### Problem to work on
Omit every picture, then return each line of the data below exactly.

### Collected data
-.-.-
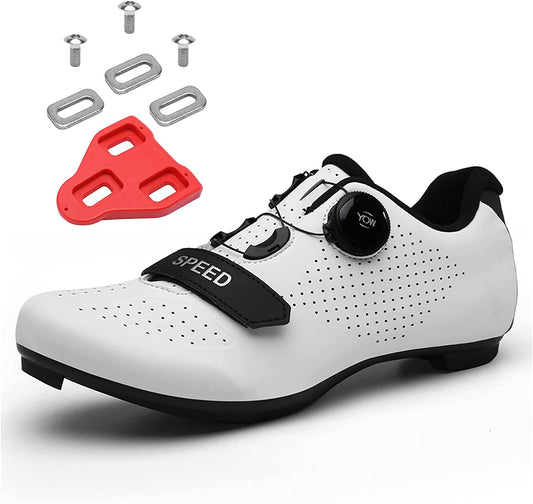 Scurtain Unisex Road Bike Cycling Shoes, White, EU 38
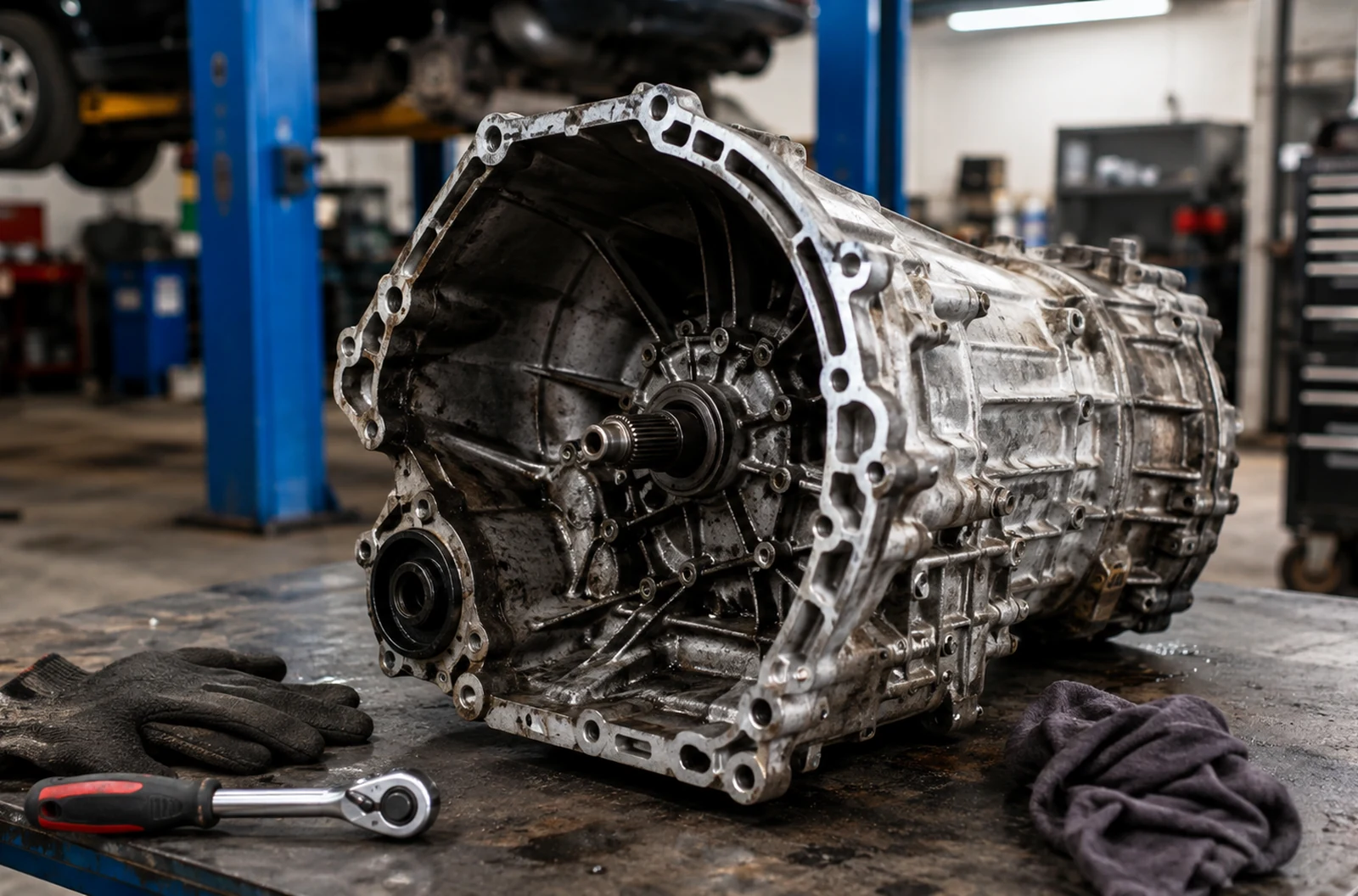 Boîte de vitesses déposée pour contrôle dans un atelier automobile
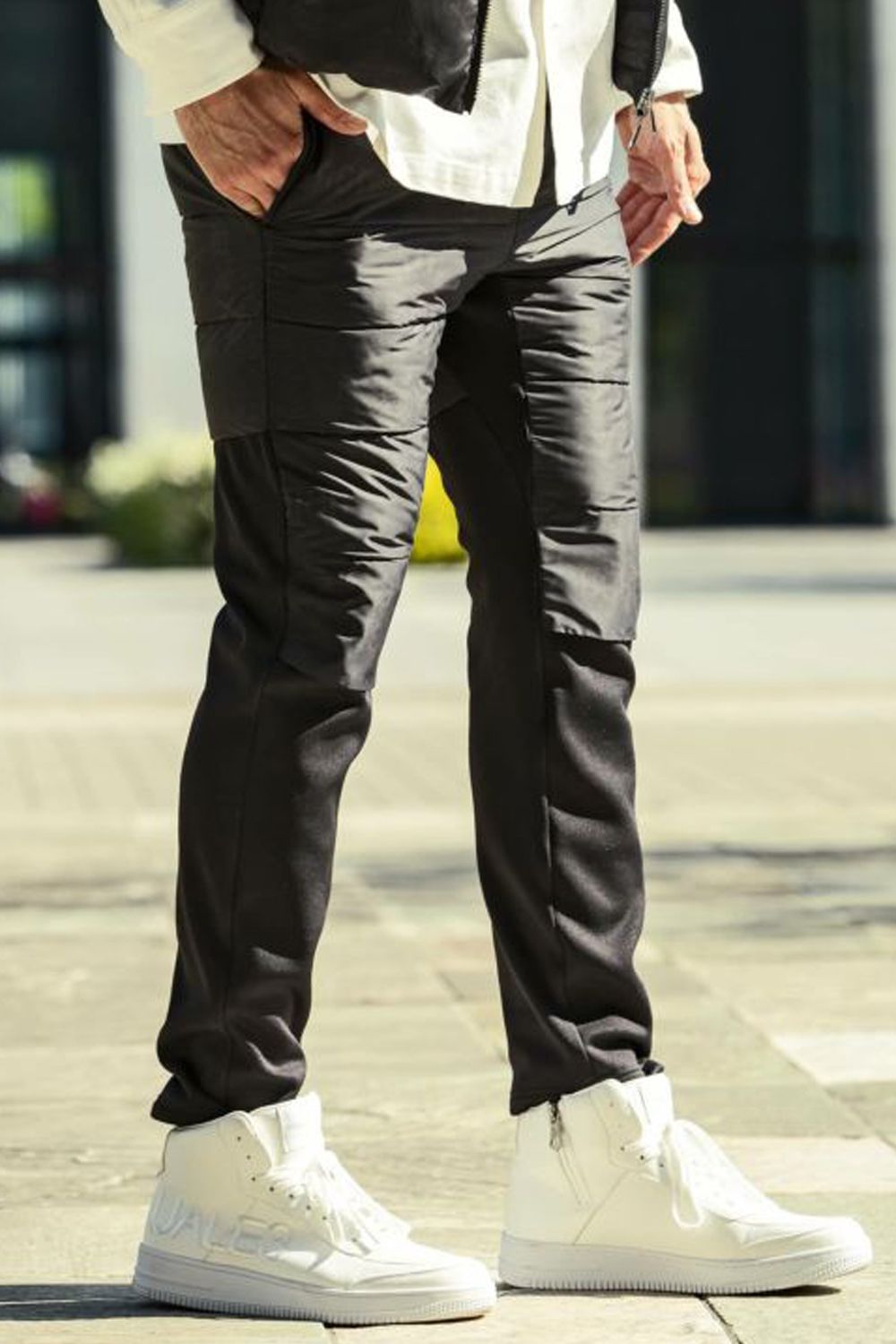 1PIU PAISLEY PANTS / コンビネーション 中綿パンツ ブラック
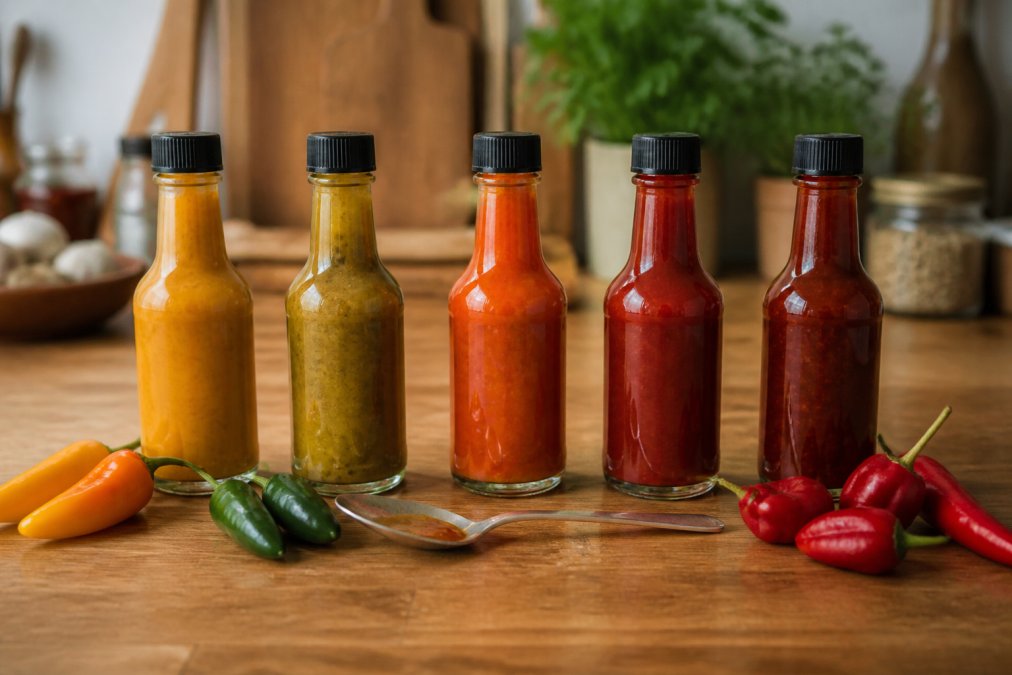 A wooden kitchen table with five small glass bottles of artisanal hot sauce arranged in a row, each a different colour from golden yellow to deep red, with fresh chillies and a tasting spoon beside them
-.-.-
### Output of the exercise
 Scurtain Unisex Road Bike Cycling Shoes, White, EU 38
 Boîte de vitesses déposée pour contrôle dans un atelier automobile
 1PIU PAISLEY PANTS / コンビネーション 中綿パンツ ブラック
 A wooden kitchen table with five small glass bottles of artisanal hot sauce arranged in a row, each a different colour from golden yellow to deep red, with fresh chillies and a tasting spoon beside them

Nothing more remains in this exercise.